En Tijuana, la tradición no se pierde: se vive, se canta y se camina.
Desde temprano, cientos de familias comenzaron a llegar a los panteones para honrar a quienes ya no están físicamente, pero que siguen ocupando un espacio gigante en el corazón de los suyos.
Como cada 2 de noviembre, los pasillos del camposanto se pintaron de cempasúchil, veladoras y fotografías que cuentan historias sin necesidad de palabras. La ciudad puede cambiar, las calles pueden moverse, pero esta costumbre de volver con flores y memoria permanece intacta.
Entre tumbas adornadas y altares improvisados, se escuchaban risas mezcladas con nostalgia. Muchas familias llevaron comida, música y hasta bocinas pequeñas para poner la canción favorita del abuelo, de la mamá, del hermano. Porque aquí, en esta frontera dura y acelerada, recordamos a los nuestros como sabemos: con cariño, con convivencia y con comida.
Los panteones registraron movimiento constante durante todo el día. Los vendedores de antojitos hicieron fila junto a quienes ofrecían flores, mientras grupos de músicos rondaban las tumbas para cantar un “Amor Eterno”, un corrido, o incluso una norteña alegre que los propios familiares pedían para “recordarlo como era”.
Lo impresionante no fue la cantidad de gente, sino la energía.
Una energía que mezcla respeto, tristeza, luz y celebración.
Una energía que te recuerda que México es uno de los pocos lugares donde la muerte se honra… viviendo.
En medio de tanta división, tanta prisa y tanta noticia que ensombrece, el Día de Muertos nos vuelve a poner en el mismo lugar: frente a quienes nos hicieron ser quienes somos.
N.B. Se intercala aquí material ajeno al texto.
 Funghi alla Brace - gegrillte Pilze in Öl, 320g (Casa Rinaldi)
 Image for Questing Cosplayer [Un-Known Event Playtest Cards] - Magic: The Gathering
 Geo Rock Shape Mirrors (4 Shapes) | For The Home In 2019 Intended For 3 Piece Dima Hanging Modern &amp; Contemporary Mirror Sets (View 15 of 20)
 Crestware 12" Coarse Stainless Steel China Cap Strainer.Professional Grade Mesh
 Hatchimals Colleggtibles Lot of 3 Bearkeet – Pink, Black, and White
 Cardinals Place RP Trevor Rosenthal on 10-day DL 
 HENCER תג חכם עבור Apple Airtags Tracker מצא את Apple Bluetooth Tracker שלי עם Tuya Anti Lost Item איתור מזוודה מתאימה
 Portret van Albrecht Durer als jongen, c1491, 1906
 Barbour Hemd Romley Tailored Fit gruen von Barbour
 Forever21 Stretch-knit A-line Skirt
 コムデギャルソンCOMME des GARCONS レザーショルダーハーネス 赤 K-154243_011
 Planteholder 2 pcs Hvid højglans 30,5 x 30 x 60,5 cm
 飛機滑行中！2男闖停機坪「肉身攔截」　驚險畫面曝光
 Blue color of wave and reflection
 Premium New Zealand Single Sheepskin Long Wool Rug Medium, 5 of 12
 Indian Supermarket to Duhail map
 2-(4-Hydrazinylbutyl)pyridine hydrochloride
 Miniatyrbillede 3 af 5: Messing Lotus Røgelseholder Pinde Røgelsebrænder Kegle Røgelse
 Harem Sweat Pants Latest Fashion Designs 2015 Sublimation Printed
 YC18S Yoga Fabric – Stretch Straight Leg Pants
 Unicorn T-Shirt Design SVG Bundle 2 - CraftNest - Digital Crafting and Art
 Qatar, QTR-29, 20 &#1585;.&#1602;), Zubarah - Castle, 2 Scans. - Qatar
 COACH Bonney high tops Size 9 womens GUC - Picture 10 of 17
Y aunque hay ausencias que duelen y cicatrices que no cierran, este día nos recuerda que el amor no se apaga, ni con el tiempo ni con el silencio.
En Tijuana, la tradición sigue viva.
Viva como la flor naranja.
Viva como las historias que se cuentan alrededor de una tumba.
Viva como la memoria que la gente de esta frontera se niega a dejar morir.